“La Baba-a canta” diceva Silvia presentando i componenti del gruppo musicale del suo papà nel loro cd autoprodotto. Aveva tre anni e non ancora la “r”, sicché la cantante non era un originale talento di esotiche origini ma una “comune” Barbara di S. Giovanni in Persiceto. Che tanto comune in verità poi non fosse lo testimonia il fatto che, il primo giorno di nido, neomamma ansiosa al pensiero di abbandonare la creatura, avevo immediatamente rimosso ogni timore appena l’avevo guardata negli occhi. Maestra di Silvia, prima di cantante dei Tangram, aveva suscitato la mia simpatia e un’istintiva e profonda fiducia al primo sguardo. Amicizia di pelle che il tempo aveva confermato ma poi, con gli anni, diluito fino a farne perdere le tracce.
Ma siccome le cose belle e vere prima o poi riaffiorano, a distanza di 15 anni dall’ultimo incontro, complice la nostra avventura barcaiola, aggiungo proprio la sua firma al nostro registro.

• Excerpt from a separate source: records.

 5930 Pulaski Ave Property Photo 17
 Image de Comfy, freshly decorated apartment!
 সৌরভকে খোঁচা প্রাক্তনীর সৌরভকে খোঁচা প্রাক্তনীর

E proprio con lei, gradita ospite in barca, condividiamo un altro ritrovamento.
Da un passato molto meno recente, dissepolti e riportati alla luce, i mosaici della Villa Romana del Casale, a Piazza Armerina ci stupiscono e ci incantano. Incredibili per ampiezza, dettagli, stato di conservazione, si snodano da una stanza all’altra dell’imponente villa padronale.
La soggezione e l’ammirazione che suscita l’insieme non possono che essere ombre di quelle suscitate un tempo e la fantasia non ce la fa a riempire i vuoti. Il desiderio d’essere catapultata nel passato per aggiungere colori e tratti, colonne e soffitti, fontane che zampillano, voci e frusciar di vesti (suoni diversi dal qui ed ora del vento e dello sbatter d’ali dei piccioni) è destinato ad esser disatteso.
Disatteso ma inevitabile. Figlio naturale non certo della frustrazione del poco ma, al contrario, della gratitudine per quel tanto e tanto bello che il tempo ha preservato per noi tutti.